Centre for Social Sciences
Hungarian Academy of Sciences Centre of Excellence
Artificial Intelligence National Laboratory(MILAB)
Online Research Seminar Series
In search of effectiveness and fairness in proving algorithmic discrimination in EU law
Speaker: Ljupcho Grozdanovski, NYU Law School/Université de Liège
Examples of discriminatory algorithmic recruitment of workers have triggered a debate on application of the non-discrimination principle in the EU. Algorithms challenge two principles in the system of evidence in EU non-discrimination law. The first is effectiveness, given that due to algorithmic opacity, the parties in algorithmic discrimination cases do not have easy and unrestricted access to facts enabling them to support their claims. The second is fairness, insofar as the launching and unfolding of the evidentiary debate requires lifting the veil of algorithmic opacity: a colossal task, placing unrealistic burdens of proof on claimants and respondents.
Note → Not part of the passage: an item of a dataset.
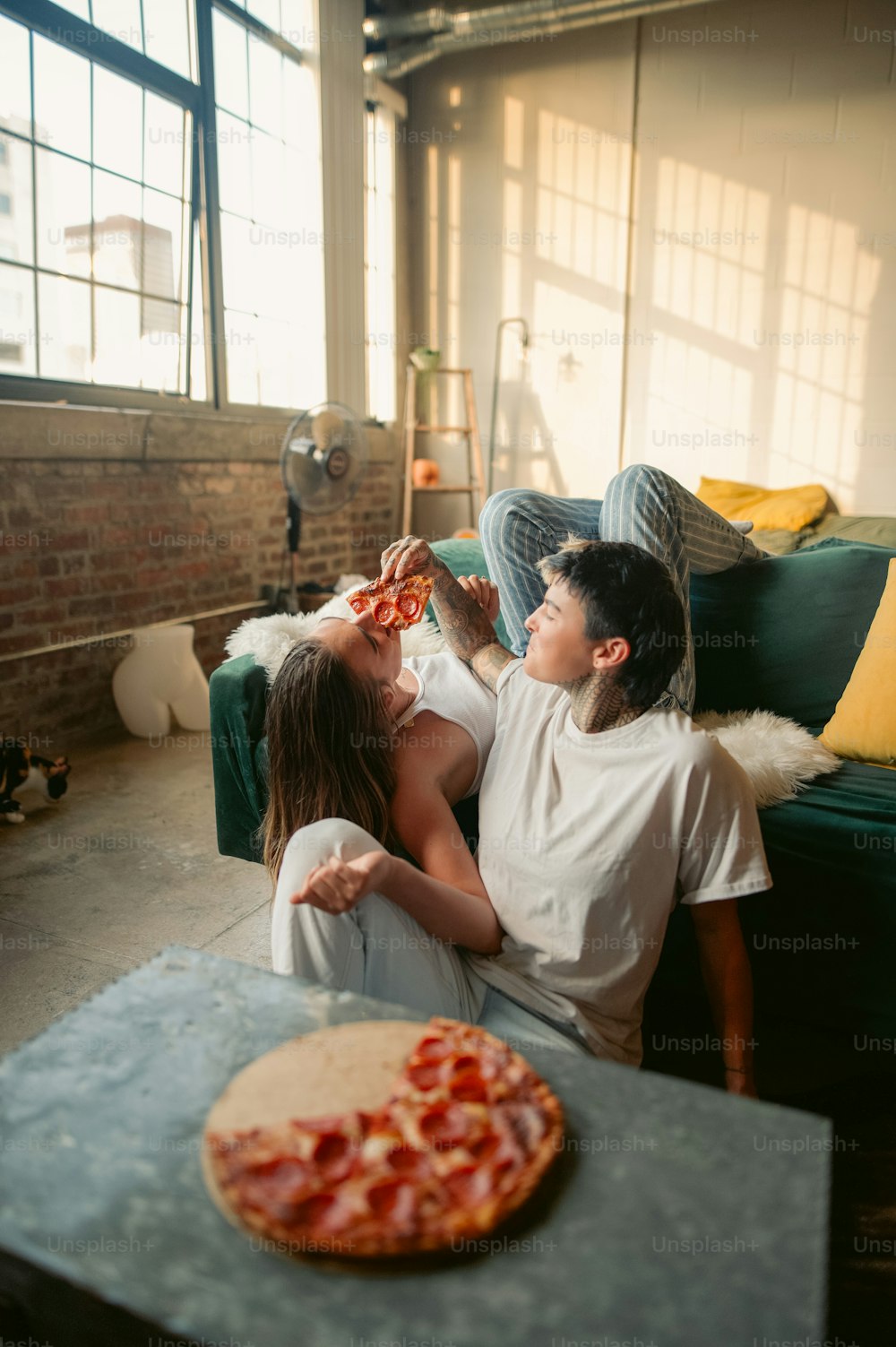 a man and woman sitting on a couch next to a pizza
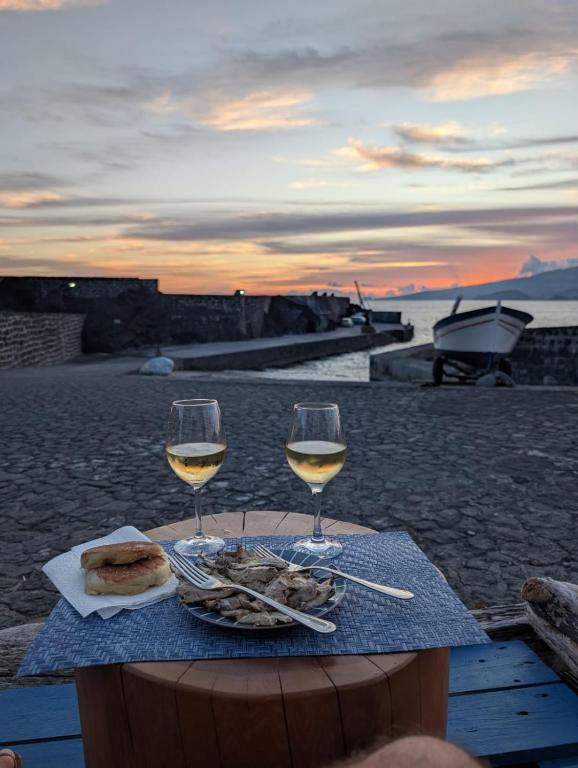 a table with two glasses of wine and food on the beach at Casa do Cais in Monte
Algorithmic discrimination thus seems impossible to prove and, consequently, falls outside the scope of application of EU non-discrimination law. Two possible solutions will be proposed in the context of this conference. First, as regards effectiveness, a right to access evidence in favour of victims of algorithmic discrimination should be recognized, through a joint reading of EU non-discrimination law and the General Data Protection Regulation. Second, to allocate the burden of proof more proportionately, an extension of the grounds for defence of respondents could allow them to establish that biases were autonomously developed by analgorithm.